The ptc-induced circular ectopic furrow provides a second test of the two-vector model of ommatidial rotation and retinal tissue polarity. Consider nascent clusters, at four positions around the circular furrow (Fig. 7D). The cluster at the Eastern position has the same vector pair (furrow direction and equa-torial direction) as a cluster behind the endogenous furrow (both light blue in Fig. 7D) and should thus rotate normally (light blue arc and lobe in Fig. 7E). The cluster at the southern position (green in Fig. 7D) has the same vector information as the clusters generated by the wg ectopic furrow (see above) and therefore should not rotate. As the R7 cell is formed at the dorsal side of this cluster, it will remain there. However, we can not predict the chiral form of the resulting cluster in the southern lobe (whether the R3 cell face anterior or posterior, see the green lobe, Fig. 7E). The cluster at the western position (yellow in Fig. 7D) has the mirror image reflection of the normal (light blue) cluster, and the two-vector model predicts that it will develop into a reversed ommatidium (yellow lobe, Fig. 7E). The cluster at the northern position (pink in Fig. 7D) has the furrow above and the equator below. This is a nonsense code, but a different code to that seen in the wg ectopic furrow. Thus from the wg data alone, we could not predict its fate.

Table 1.

Numerical data from ptc mosaic clones

Numerical data from ptc mosaic clones
Numerical data from ptc mosaic clones

We scored the orientation of clusters in the adult retina around ptc clones (Figs 7C,F, 8) and, in the best cases, we can detect the four lobes as predicted by the two-vector model (see Table 1). This experiment reveals the meaning of the nonsense code experienced by clusters in the northern lobe (pink in Fig. 7): they rotate normally, however, as they are generated by a horizontal furrow, they eventually come to lie 90° clockwise of the normal position. The position, size and shape of the ptc clones that we obtained were such that we could detect all four lobes in two examples (one shown in Fig. 7C, see Table 1). In a total of 20 clones, we scored the eastern (light blue) lobe in 13 cases, the western (yellow) lobe in 19 cases, the southern (green) lobe in 6 cases and the northern (pink) lobe in 6 cases. In the ideal case, a ptc clone would be a point, or small circle, which would generate a perfect circular furrow, that would propagate outwards in all directions equally. Clones nos. 1 and 2 (Table 1) are close to this ideal (clone no. 1 is shown in Fig. 7). However, many other shapes of clones are actually recovered, and thus the furrow that they generate may not always produce all four lobes as predicted by the two-vector model. Furthermore clones may lie close to the eye margin, which can also eliminate one or more lobes and not all ommatidia can be scored for their orientation: some are morphologically abnormal and some sections are imperfect.
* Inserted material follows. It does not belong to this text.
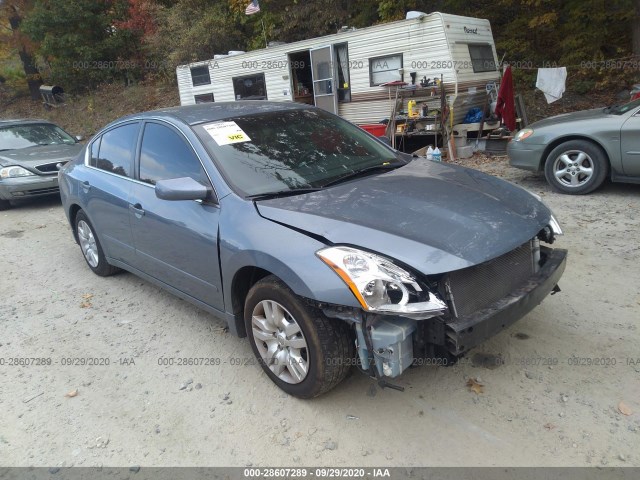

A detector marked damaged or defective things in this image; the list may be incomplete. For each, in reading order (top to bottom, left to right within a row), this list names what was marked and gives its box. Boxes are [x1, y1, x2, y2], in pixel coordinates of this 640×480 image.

A combination of these factors explains the variable numbers of ommatidia scored in each lobe in each clone. An extreme example is clone no. 20, which is a vertical bar across much of the eye, that crosses the equator (Fig. 8; Table 1). In this case, there is no southern lobe as there is no tissue between the clone and the equator. However, polarity within the eastern and western lobes reverses at the equator (Fig. 8). This suggests that the equator preexists the furrow and cannot be altered by the perturbations induced by ptc clones. It should be noted that polarity reversals consistent with these have been reported near ectopic Hh clones (Heberlein et al., 1995) and PKA clones (Strutt et al., 1995). Furthermore, tissue polarity reversals have been detected near ptc mosaic clones in the wing, so a similar system of tissue polarity may operate there (Phillips et al., 1990).

Fig. 8.

Ommatidial clusters generated by furrows induced by a ptc loss-of-function mosaic clone that crosses the equator, continue to respect the equator. (A) Retinal section, which includes ptc7M clone no. 20 (see Table 1). (B) Tracing of the field shown in A (with some additional information from other sections of the same retina). The ptc tissue is shown in gray. Each ommatidium is rendered as the appropriate chiral arrow as defined in Fig. 1F. Ommatidia for which the orientation or chiral form is ambiguous are shown as red circles. The two lobes of tissue polarity that surround this ptc clone are color coded the same as Fig. 7, except that the western lobe that is ventral to the equator is shaded a darker yellow than that part of the western lobe that is dorsal to the equator. Note that the eastern and western lobes occur as predicted by the two-factor model, and that they are reflected in the equator. Anterior is to the right, and dorsal is up. Scale is as Fig. 7C.

Fig. 8.

Ommatidial clusters generated by furrows induced by a ptc loss-of-function mosaic clone that crosses the equator, continue to respect the equator. (A) Retinal section, which includes ptc7M clone no. 20 (see Table 1). (B) Tracing of the field shown in A (with some additional information from other sections of the same retina). The ptc tissue is shown in gray. Each ommatidium is rendered as the appropriate chiral arrow as defined in Fig. 1F. Ommatidia for which the orientation or chiral form is ambiguous are shown as red circles. The two lobes of tissue polarity that surround this ptc clone are color coded the same as Fig. 7, except that the western lobe that is ventral to the equator is shaded a darker yellow than that part of the western lobe that is dorsal to the equator. Note that the eastern and western lobes occur as predicted by the two-factor model, and that they are reflected in the equator. Anterior is to the right, and dorsal is up. Scale is as Fig. 7C.

We draw two major conclusions from our data. (1) wg and ptc are negative regulators of furrow initiation (wg mainly on the dorsal margin and ptc in the eye field anterior to the endoge-nous furrow). (2) Reorientation of the morphogenetic furrow in wg and ptc mutant conditions can reorient tissue polarity in the eye. These new orientations suggest that ommatidial polarity and chiral form develop in response to induction by two independent pieces of positional information: the vector direction from the cluster to the furrow, and the vector direction from the cluster to the equator.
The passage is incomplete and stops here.